Could you post the details of your example? adjugate is not supposed
to fail. And this should be fixed.

The problem is probably in matrix/matrix2.pyx:2355

           f = self.lift().charpoly(var).change_ring(R)
---->  elif R.is_field(proof = False) and R.is_exact():
           f = self._charpoly_hessenberg(var)

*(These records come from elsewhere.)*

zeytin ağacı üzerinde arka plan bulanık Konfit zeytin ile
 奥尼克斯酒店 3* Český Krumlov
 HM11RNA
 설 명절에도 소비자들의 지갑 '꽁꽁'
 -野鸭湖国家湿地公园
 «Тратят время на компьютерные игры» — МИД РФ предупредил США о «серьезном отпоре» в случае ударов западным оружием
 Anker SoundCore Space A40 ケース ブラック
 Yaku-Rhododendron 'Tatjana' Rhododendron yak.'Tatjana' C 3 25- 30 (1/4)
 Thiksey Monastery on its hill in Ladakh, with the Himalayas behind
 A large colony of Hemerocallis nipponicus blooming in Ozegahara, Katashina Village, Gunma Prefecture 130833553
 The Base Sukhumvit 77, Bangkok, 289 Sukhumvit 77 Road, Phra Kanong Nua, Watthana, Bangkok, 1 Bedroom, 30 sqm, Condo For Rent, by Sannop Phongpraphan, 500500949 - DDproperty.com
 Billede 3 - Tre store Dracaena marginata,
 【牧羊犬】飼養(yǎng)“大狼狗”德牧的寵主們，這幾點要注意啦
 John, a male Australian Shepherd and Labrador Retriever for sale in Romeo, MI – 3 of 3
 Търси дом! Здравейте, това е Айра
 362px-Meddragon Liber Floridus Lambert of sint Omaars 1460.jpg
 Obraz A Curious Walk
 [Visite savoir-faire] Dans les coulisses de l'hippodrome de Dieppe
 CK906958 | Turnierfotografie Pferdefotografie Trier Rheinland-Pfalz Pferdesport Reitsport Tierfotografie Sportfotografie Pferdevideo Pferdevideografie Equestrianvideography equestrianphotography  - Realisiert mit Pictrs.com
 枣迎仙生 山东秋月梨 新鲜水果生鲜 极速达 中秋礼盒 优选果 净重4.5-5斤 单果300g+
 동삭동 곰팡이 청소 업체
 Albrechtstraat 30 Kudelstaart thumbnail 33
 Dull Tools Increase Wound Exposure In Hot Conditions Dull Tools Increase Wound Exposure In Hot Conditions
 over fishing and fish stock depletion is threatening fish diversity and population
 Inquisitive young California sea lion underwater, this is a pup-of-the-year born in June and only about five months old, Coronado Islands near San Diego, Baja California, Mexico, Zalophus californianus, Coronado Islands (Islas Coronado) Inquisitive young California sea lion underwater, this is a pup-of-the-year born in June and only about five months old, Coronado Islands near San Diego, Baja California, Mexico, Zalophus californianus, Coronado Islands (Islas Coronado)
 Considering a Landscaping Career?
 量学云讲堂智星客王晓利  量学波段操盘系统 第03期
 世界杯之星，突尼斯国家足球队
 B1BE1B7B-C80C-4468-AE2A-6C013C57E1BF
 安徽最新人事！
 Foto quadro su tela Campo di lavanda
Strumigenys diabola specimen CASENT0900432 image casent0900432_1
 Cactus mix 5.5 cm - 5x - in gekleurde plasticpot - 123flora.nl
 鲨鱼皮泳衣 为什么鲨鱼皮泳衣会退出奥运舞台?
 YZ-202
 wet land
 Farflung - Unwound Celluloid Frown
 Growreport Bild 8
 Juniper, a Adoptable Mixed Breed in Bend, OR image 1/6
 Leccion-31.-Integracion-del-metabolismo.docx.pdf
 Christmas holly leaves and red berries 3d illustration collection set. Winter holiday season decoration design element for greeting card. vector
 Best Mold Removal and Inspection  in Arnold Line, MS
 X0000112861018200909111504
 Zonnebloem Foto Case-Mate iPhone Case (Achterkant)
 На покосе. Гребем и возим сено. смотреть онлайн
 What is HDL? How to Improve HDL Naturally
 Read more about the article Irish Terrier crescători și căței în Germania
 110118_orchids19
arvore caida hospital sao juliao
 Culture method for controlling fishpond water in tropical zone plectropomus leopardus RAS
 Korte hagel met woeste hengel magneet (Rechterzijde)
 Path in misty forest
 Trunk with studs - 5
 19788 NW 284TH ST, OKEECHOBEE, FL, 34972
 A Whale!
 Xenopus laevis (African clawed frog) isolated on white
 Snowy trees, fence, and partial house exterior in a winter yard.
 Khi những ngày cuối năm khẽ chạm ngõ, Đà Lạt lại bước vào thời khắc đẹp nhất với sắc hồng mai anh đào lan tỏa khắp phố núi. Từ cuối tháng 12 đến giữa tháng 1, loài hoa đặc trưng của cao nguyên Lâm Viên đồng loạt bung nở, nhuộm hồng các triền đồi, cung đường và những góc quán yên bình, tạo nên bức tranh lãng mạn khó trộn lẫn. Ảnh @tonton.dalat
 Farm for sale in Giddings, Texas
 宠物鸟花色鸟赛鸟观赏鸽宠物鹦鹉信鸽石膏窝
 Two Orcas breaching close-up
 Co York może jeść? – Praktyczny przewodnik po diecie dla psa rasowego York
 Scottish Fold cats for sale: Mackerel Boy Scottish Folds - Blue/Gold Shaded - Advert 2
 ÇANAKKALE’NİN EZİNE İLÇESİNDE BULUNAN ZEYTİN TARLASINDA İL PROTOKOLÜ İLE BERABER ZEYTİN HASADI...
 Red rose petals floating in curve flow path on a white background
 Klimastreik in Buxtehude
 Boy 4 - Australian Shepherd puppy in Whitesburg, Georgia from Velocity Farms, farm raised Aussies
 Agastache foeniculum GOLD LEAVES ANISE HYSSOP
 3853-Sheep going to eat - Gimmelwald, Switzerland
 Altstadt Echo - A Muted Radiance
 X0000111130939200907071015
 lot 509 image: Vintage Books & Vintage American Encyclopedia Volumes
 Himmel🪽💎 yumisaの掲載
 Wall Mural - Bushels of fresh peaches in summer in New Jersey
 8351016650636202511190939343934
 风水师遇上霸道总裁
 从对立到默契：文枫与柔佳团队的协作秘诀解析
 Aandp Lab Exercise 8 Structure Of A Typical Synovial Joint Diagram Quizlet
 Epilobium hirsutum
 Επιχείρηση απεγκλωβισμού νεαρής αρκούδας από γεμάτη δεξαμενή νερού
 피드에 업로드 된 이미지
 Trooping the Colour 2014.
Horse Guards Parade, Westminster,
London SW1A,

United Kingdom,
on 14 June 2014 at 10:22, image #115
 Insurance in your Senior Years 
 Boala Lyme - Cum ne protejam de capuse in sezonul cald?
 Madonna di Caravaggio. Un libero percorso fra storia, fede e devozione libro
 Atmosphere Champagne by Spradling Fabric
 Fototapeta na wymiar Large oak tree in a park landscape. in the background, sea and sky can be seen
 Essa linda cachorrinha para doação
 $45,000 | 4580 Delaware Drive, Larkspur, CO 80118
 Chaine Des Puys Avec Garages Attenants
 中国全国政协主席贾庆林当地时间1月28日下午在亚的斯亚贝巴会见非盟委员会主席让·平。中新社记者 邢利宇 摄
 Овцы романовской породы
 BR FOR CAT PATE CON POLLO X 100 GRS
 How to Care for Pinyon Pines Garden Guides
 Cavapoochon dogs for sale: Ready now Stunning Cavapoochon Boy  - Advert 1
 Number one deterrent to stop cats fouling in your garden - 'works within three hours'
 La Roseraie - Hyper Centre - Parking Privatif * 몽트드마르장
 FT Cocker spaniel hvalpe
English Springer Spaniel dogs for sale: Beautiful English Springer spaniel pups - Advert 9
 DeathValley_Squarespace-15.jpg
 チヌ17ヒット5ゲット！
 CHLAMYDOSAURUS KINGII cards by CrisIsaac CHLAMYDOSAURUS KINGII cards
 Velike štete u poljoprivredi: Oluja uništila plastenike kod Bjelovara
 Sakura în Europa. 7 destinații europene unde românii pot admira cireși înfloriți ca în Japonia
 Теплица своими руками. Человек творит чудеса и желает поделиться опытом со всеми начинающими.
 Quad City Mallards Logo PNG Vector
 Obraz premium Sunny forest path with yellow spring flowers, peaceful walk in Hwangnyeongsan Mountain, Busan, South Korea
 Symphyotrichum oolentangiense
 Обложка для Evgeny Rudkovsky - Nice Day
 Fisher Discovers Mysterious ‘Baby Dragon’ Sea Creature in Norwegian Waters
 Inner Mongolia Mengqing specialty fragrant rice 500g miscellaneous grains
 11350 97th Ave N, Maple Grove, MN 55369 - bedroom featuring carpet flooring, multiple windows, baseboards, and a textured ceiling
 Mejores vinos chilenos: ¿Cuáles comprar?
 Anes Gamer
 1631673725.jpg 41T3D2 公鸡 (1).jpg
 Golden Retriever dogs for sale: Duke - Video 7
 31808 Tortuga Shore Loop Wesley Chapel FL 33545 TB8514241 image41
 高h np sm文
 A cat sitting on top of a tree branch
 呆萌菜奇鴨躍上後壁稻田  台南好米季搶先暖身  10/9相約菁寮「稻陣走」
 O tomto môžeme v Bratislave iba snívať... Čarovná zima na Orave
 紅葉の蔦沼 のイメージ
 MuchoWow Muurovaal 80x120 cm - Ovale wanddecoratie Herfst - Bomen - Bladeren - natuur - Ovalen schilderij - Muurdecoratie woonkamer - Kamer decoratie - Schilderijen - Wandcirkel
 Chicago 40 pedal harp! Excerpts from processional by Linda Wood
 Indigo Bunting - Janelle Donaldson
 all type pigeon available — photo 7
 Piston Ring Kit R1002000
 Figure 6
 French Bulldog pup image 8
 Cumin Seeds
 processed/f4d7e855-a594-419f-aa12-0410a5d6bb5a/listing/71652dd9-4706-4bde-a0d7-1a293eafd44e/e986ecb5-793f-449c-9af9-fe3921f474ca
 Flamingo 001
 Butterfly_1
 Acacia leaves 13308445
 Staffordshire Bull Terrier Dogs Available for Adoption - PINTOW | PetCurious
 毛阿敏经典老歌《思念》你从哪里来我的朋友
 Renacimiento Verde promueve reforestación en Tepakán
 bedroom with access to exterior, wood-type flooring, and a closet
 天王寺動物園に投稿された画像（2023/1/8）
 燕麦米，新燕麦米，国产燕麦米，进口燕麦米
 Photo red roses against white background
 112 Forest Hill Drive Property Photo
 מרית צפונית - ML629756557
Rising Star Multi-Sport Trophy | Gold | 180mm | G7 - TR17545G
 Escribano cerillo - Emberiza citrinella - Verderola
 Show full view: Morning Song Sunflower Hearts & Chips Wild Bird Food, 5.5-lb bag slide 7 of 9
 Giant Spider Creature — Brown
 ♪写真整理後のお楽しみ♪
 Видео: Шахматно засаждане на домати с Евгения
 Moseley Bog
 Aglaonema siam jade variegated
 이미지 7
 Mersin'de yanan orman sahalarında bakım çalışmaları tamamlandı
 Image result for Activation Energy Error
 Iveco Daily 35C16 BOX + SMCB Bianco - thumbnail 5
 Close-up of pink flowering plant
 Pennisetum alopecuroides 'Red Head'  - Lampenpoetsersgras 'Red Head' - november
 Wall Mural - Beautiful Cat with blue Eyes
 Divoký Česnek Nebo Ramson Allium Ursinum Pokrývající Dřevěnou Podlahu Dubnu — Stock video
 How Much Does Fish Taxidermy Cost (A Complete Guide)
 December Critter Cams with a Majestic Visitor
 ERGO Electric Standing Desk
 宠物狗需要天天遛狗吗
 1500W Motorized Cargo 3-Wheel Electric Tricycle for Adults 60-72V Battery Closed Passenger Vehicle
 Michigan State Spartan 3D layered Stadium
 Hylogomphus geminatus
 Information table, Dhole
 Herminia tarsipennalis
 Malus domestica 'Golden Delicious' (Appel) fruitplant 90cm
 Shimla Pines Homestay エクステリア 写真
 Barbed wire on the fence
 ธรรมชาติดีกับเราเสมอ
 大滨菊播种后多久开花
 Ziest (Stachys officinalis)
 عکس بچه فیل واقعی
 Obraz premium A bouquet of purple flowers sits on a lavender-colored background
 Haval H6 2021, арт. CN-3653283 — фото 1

The function is_field is indeed failing in many circumstances
(throwing a NotImplementedError) and we should not rely on
this.

Vincent

Le 12/07/2019 à 18:35, Michael Jung a écrit :
Thanks for you answer.

Ah well, I already tried to compute the adjugate of a corresponding scalar field matrix, but it threw an error due to the is_field method. So I thought it is not possible since the ring is no field (what I found really strange, but god knows what algorithms are used). But I just added a "proof=True" argument to scalar fields and now it's fine. I get the feeling, interpreting error messages correctly is some kind of art. :D

Best regards,

Michael

Am 12.07.19 um 17:20 schrieb Vincent Delecroix:
Or directly through the adjugate method

sage: R.<a,b,c,d> = ZZ[]
sage: RR = R.quotient(a*d-b*c-1)
sage: a,b,c,d = RR.gens()
sage: m = matrix(2, [a,b,c,d])
sage: n = m.adjugate()    # we know that det=1 in this case
sage: m * n
[1 0]
[0 1]

Le 12/07/2019 à 16:53, Vincent Delecroix a écrit :
Dear Michael,

At least, you need to know that the determinant is invertible...
See the related tickets

https://trac.sagemath.org/ticket/15160
https://trac.sagemath.org/ticket/27869

Note that the division free inversion of matrices is not a
completely trivial task. A simple way is to go via the matrix
of cofactors by computing determinant with division free
algorithms. This should be reasonable enough.

Best
Vincent

Le 12/07/2019 à 16:43, Michael Jung a écrit :
Dear developers,
I need to compute the inverses of matrices over commutative rings (namely scalar fields on manifolds). Unfortunately, the algorithms only process if the ring is a field or a corresponding fraction field is known. For now, I
will pretend that the algebra of scalar fields is an algebraic field.
However, for most cases, the algorithms work for arbitrary rings aswell
when the matrix is invertible. I wonder why that hasn't been implemented yet. It would be nice if there was (for example) an additional attribute (something like "force=True") for the inverse function to pretend that the
given ring is a field and at least try a computation.